◆ Your instructions ◆
At the line containing "- 藏蓝色 - 查看 5", begin repeating lines exactly, and stop only after the final line of the records below.
Start of Block
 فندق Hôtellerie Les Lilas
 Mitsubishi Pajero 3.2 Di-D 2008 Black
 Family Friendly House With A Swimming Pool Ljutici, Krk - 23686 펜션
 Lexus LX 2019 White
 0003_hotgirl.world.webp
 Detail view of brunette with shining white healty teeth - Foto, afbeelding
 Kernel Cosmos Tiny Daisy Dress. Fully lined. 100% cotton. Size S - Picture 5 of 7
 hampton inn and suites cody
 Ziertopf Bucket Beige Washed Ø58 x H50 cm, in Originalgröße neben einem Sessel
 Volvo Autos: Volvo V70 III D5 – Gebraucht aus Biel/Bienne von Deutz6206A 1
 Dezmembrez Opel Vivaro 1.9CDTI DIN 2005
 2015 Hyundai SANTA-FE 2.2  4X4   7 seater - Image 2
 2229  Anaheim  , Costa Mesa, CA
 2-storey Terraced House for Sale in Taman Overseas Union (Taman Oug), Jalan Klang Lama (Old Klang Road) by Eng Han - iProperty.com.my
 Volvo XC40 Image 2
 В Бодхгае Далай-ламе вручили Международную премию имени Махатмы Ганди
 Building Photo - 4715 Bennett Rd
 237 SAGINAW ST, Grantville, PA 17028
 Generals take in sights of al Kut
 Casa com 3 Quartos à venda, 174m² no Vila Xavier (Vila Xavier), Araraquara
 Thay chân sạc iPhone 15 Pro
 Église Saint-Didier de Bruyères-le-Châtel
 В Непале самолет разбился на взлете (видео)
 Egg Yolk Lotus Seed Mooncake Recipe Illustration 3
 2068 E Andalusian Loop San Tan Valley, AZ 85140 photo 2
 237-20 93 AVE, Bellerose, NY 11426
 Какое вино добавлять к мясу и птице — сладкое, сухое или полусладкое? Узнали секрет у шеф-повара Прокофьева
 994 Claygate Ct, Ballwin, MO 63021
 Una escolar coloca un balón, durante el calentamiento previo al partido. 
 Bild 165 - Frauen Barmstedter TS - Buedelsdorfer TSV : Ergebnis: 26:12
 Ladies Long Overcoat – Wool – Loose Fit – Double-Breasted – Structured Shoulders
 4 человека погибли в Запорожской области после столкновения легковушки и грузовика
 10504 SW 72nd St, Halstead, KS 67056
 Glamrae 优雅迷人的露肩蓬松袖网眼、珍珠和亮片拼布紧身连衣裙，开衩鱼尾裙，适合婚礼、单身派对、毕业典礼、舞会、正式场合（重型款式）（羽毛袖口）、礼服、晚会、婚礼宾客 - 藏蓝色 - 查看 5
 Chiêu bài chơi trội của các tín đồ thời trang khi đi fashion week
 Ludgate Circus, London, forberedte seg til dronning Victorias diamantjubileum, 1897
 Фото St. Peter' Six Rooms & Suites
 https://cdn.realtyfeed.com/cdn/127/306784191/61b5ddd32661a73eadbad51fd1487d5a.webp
End of Block
◆ Answer for the task ◆
 Glamrae 优雅迷人的露肩蓬松袖网眼、珍珠和亮片拼布紧身连衣裙，开衩鱼尾裙，适合婚礼、单身派对、毕业典礼、舞会、正式场合（重型款式）（羽毛袖口）、礼服、晚会、婚礼宾客 - 藏蓝色 - 查看 5
 Chiêu bài chơi trội của các tín đồ thời trang khi đi fashion week
 Ludgate Circus, London, forberedte seg til dronning Victorias diamantjubileum, 1897
 Фото St. Peter' Six Rooms & Suites
 https://cdn.realtyfeed.com/cdn/127/306784191/61b5ddd32661a73eadbad51fd1487d5a.webp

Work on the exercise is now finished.